Invocamos
a Jesús, le tenemos devoción a Jesús. Perfecto. Es necesario. ¿Pero quién se
contenta con ver la foto de alguien a quien quiere en vez de estar con él,
salir juntos, comer, dar un paseo? Cuando se quiere a alguien, lo que se quiere
es estar con él, convivir, compartir... y una foto es sólo un recordatorio y
una suplencia. Nada puede sustituir la presencia de la persona querida.
Con
Jesús, claro está, ocurre lo mismo. Tenemos la gran ventaja de su presencia
real. Está muy cerca porque el Sacramento de la Eucaristía es su presencia real
y en cada Sagrario está Él: basta acercarse, rezar de rodillas, mirar la puerta
del Sagrario y la vela roja encendida cerca de él para estar en su presencia,
disfrutar de su amor, gozar de su compañía, hablarle, interceder, conversar con
Cristo. Ahí está: en cada Sagrario, ¡Jesús vivo!
Deberíamos
abrir los ojos del corazón con sencillez, dilatar y ensanchar nuestra alma,
encender nuestros afectos y devoción y asombrarnos de tan gran maravilla; será
ocasión de ver la Belleza del Misterio de la Eucaristía, para contemplar y
gozar de la potencia y Vida de Cristo Resucitado. Entonces, y sólo entonces,
quedaremos fascinados por Cristo. ¿Cómo es posible, Señor, que te hayas quedado
con nosotros? ¿Cómo es que te has dignado cambiar la sustancia del pan en tu
cuerpo? ¿Cómo puede ser, Señor, que tu delicia sea estar con los hijos de los
hombres; cómo que Tú nos des pan vivo, alimento de inmortalidad? Señor de infinita
misericordia, Resucitado, ¿tanto amor nos tienes que te entregas a nosotros en
el Sacramento de la Eucaristía?
Es
menester que brote en nosotros, en cada alma, asombro, admiración, amor,
gratitud, ante el portento del amor que es la Eucaristía. Sólo así habrá en
nuestra alma verdadero amor por la Eucaristía y la consideraremos como lo que
es, un gran regalo, el más grande y verdadero regalo del Resucitado.
Vivir
más profunda e intensamente la
Eucaristía será, indefectiblemente, crecer en la vida interior y en
santidad, en el amor de Cristo, en el servicio atento al prójimo, al hombre,
transformando nuestro mundo. Hemos, pues, de vivir eucarísticamente, vivir cada
vez más la Eucaristía y vivir de la Eucaristía.

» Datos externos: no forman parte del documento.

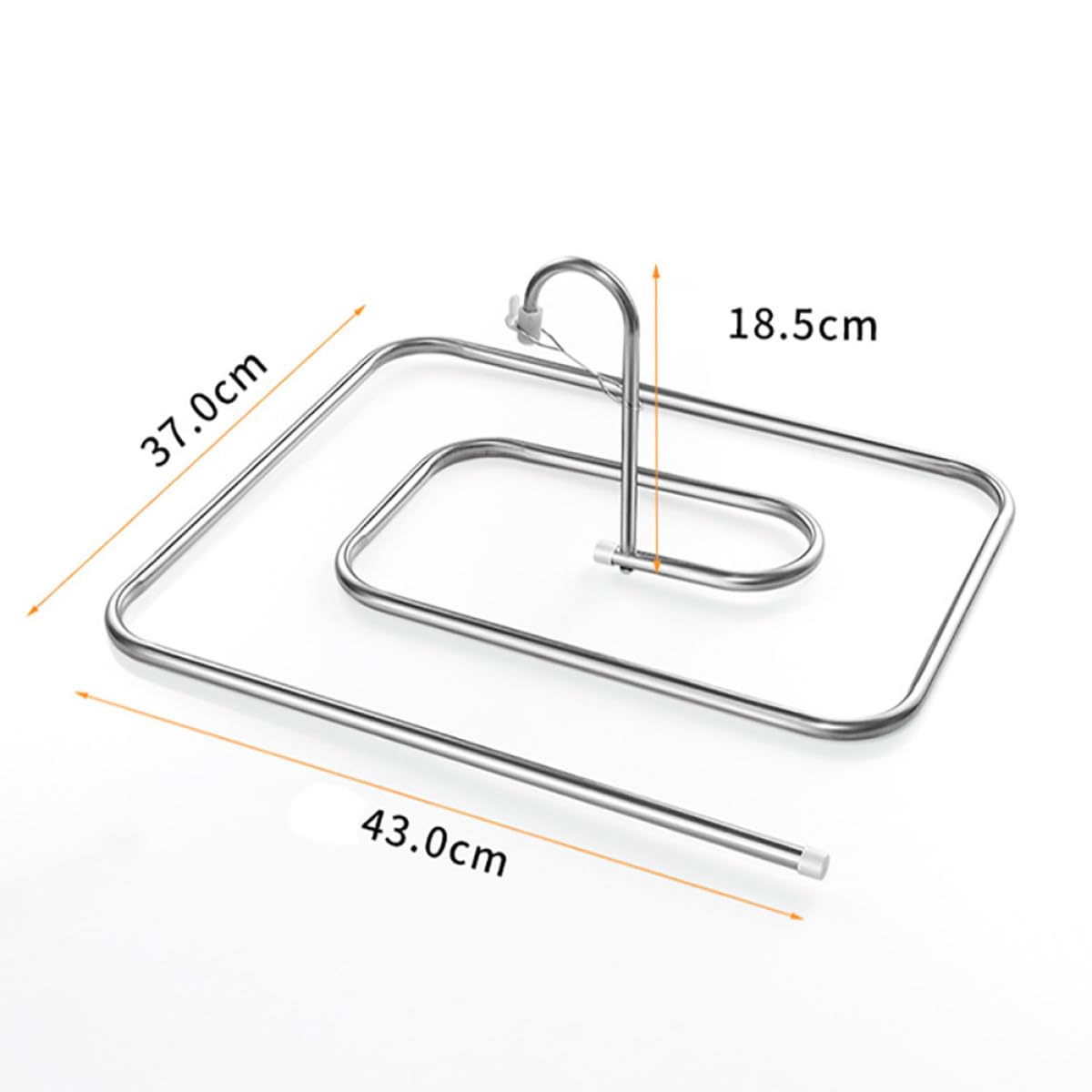 Stendibiancheria e Asciugatura Veloce con Clip in Acciaio Inossidabile a Spirale Design Salvaspazio per Lenzuola e Coperte su Balcone e Stanza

El corazón debe descubrir al
Señor en el Sagrario. Hay una mirada de fe que siente interiormente a Cristo en
el Sagrario. Pocos lugares más apropiados y acogedores para sentir y gozar su
Presencia y entregarnos a Él, para orar y meditar, que el Sagrario. Un objetivo
importante lo trazó Juan Pablo II en la Carta Apostólica Mane nobiscum Domine:
“La presencia de Jesús en el sagrario ha de constituir un polo de atracción
para un número cada vez mayor de almas enamoradas de él, capaces de permanecer
largo rato escuchando su voz y casi sintiendo los latidos de su corazón:
“¡Gustad y ved qué bueno es el Señor!”” (n. 18).
No pases delante de una iglesia
abierta sin pararte unos minutos ante el Señor en el Sagrario. Él te espera,
manso y humilde de corazón, para compartir tus cargas y tus cansancios.
Espiritualmente, hace mucho
bien al alma detenerse unos instantes ante el sagrario y hacer una visita, es
un “breve encuentro con Cristo, motivado por la fe en su presencia y
caracterizado por la oración silenciosa” (Directorio Liturgia y piedad popular,
n. 165). Al encontrarse con Cristo en el Sagrario para una breve visita o hacer
un rato amplio de oración, se puede gozar de la comunión espiritual con el
mismo Cristo Resucitado. El Magisterio de la Iglesia enseña que “al detenerse
junto a Cristo Señor, disfruten en íntima familiaridad, y ante Él abren su
corazón rogando por ellos y por sus seres queridos y rezan por la paz y la
salvación del mundo” (Instrucción Eucharisticum Mysterium, n. 50).
Sería una tremenda
ingratitud olvidar al Señor en el Sagrario, no hacer la genuflexión al pasar
delante de él y saludarlo, no visitarlo, ni estar con él, y centrar nuestra
atención en las imágenes. No consintamos ese desprecio al Señor; no dejemos ni
convirtamos nuestro sagrario en un sagrario abandonado. Él se hace Compañero
nuestro en el Sagrario: disfrutemos de su Compañía real y sacramental.